Cut, Pleated and Draped - National Dress and Monastic Attire in Bhutan
Mareike Wulff, Humboldt University
“Fashion is a language that creates itself in clothes in order to interpret reality.” said the famous fashion designer Karl Lagerfeld. Is this also true for traditional costume and religious robes? And, if yes, what kind of language do Bhutanese national dress and Buddhist monastic attire speak? How do they interpret reality?
Friday 28 May 2021 at 1 PM (Copenhagen time/CEST)
Register here to receive Zoom link
In the late mid-17th century the Tibetan Lama Shabdrung Ngawang Namgyal (1594 – 1651) came to what we know as Bhutan today, successively unified the region of several chieftains and founded the Bhutanese state.
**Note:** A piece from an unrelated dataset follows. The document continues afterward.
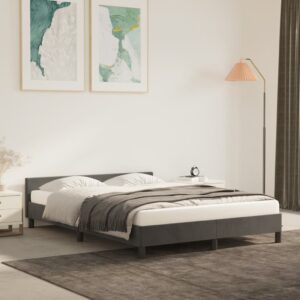 Double Velvet Bed Frame with Headboard Dark Grey Luxurious Soft Supportive Slats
Bhutanese claim that during the process of building rdzongs (Dzongkha, official language of Bhutan: fortresses) as administration centres for the new bureaucratic state, the Shabdrung introduced their ‘national dress’. Bhutanese understand their current national dress (Dz rgyal yong gyon chas) as the attire originally worn by the initial government officials working in the rdzongs. At present, it is compulsory for any male and female Bhutanese who works in or visits a public office and for anyone taking part in an official event to wear their national dress as formal attire (Dz sgrig go).
Bhutanese also assert that Tibetan monastic attire (Dz chos gos) served as a prototype for the design of their national dress. As the Shabdrung was a Tibetan monk himself and the country was reigned by a joint monastic and secular government (‚The dual system of the spiritual and temporal‘, Dz chos srid lugs gnyis), the lay officials’ appearance should be in conformity with their monastic counterparts.
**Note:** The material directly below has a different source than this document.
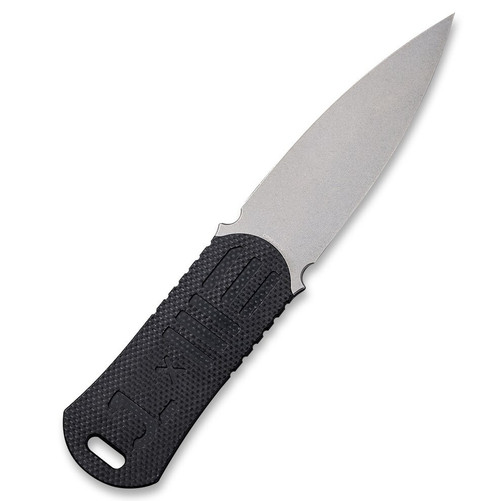 WE Knife Co. Oss Dagger Neck Knife, 2017D, 2.22" CPM-20CV Stonewashed Dagger, Black G-10 Handle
From a first sight it is difficult to see any similarities between the two types of attire, besides that all three - monks, laymen and women - don scarves (Dz gzan, kab gzan and rags cung) that are vaguely comparable. But what else have the plain and full-length reddish robes that leave the arms bare in common with the colourful striped and figured, knee-length lay male costumes? And how does the female variant of the national attire fit into this system?
By discussing the construction, materials and colours of the garments that make up Bhutanese monastic and national attire, and by looking at how they are worn, I filter out their decisive characteristics. By considering information from textual sources relating to monastic dress codes, tracing historical developments of attire in pre-Shabdrung Bhutan, and referring to other types of dresses in the adjacent regions, I present Bhutanese monastic and national attire as one inherently consistent ecosystem. I argue that the two types of attire represent a medium of communication that gives us a profound insight into the political and social stratification of Bhutanese society, the hegemony of Buddhism as the state religion, and comprise several interwoven layers of local cultural history.
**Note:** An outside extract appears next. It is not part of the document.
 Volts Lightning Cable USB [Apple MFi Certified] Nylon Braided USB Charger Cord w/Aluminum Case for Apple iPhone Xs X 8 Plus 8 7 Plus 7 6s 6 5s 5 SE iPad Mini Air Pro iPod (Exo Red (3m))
Mareike Wulff is currently completing her PhD at the Central Asian Seminar, Humboldt University. Her thesis documents and analyses a Tibetan Buddhist ’cham mask dance festival staged by a village community of lay Buddhist practitioners in rural Bhutan.
Being a trained costume designer and bespoke tailor, who worked in theatre houses, she approaches ritual performances and its material culture from a behind-the-scenes perspective and looks at the lived realities of the makers of the festival. She explores how the human community members annually (re-)construct their social reality by carrying out Buddhist rituals (Dz cho ga) and a number of exchange and communication acts directed to the intangible community members of the local and Buddhist deities. Her drawings of the material culture of the festival – attire, masks and ritual objects – add a visual layer to the written analysis. Mareike Wulff’s research interests include Bhutan and Himalayan Studies, Tibetan Buddhism, Material Culture, Memory and Ritual Studies, and the Sociology of Religion.